The Second Adam
The paintings on the walls of the Brancacci Chapel in Florence show Masaccio (1401-28) at his artistic and spiritual best—not least in the way he links Adam and Eve with Christ. Driven from the Garden of Eden, our first parents are in despair. Weeping and weighed down with terrible pain and loss, they move along a path of sorrows. But the same path brings them toward the next scene: Christ on the shores of Lake Galilee surrounded by his apostles, who will found the church. In his own brilliant fashion, Masaccio follows a tradition that reaches back to St. Paul’s First Letter to the Corinthians (Ch. 15) and his Letter to the Romans (Ch. 5), the contrast between the first Adam, who initiated the whole story of human sin and the new Adam, who has brought the blessings of grace and eternal life.
Calling Christ the second Adam is a solidly traditional practice. In the second century St. Irenaeus developed the differences between the first and last Adam.

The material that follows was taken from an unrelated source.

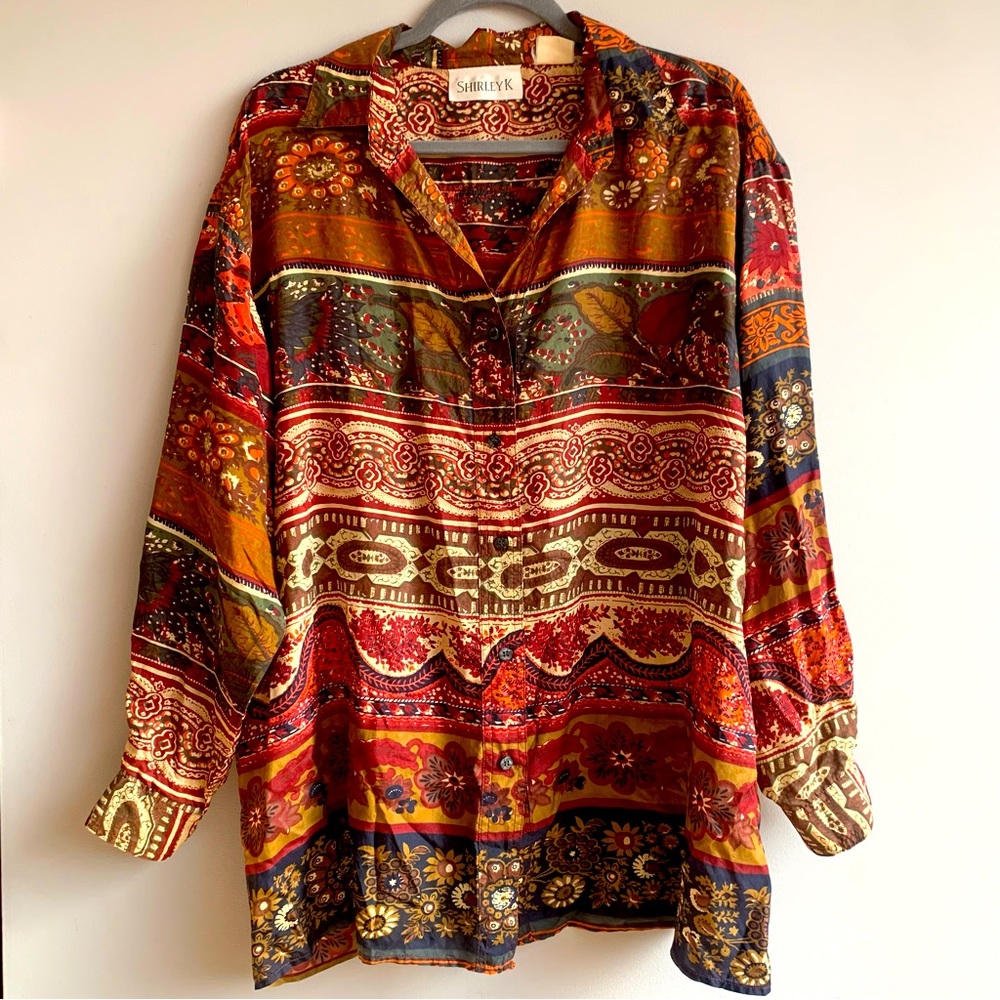 Vintage Silk Abstract Floral Blouse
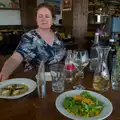 Isobel shows off her fancy risotto, A Birthday Lunch in Felixstowe, Suffolk - 26th May 2026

By referring twice to Adam, an early liturgical text, the Exultet or Easter Proclamation (still sung at the Easter Vigil) implies Christ’s role as the second or new Adam. In the medieval mystery plays, the actor who played Adam usually reappeared to play Christ—a vivid way of connecting the first and second Adam. A contrast between the damage done by the first Adam and the gifts of the second Adam entered into the Council of Trent’s 1547 decree on the justification of sinful human beings. Right down to the 21st century, images of Adam and Christ are still wonderfully joined in icons used in the official liturgy of the Eastern Christian tradition and in the decoration of its churches.
This iconographic tradition links creation, which reached its climax in the making of the original Adam and Eve, with the redemption effected by the second Adam. Adam and Eve symbolize the human condition in its glory and misery. After being made in the image and likeness of God, they lapsed into sin and lost paradise. Eastern icons show the last Adam descending into the dark pit of the underworld and releasing from their long bondage Adam, Eve and innumerable others waiting for redemption in the “limbo of the Fathers.”
In some of those icons Christ carries the wooden cross on which he has died, and so reminds us of the tree from which Adam and Eve took the forbidden fruit. Even more explicitly, a hymn by the Latin poet Venantius Fortunatus (died ca. 610), Crux Fidelis (“faithful cross”), links the tree of life with the tree of death in the great drama of creation, fall and redemption. The preface for the feast of the Holy Cross (Sept. 14) declares, “Death came from a tree, life was to spring from a tree.”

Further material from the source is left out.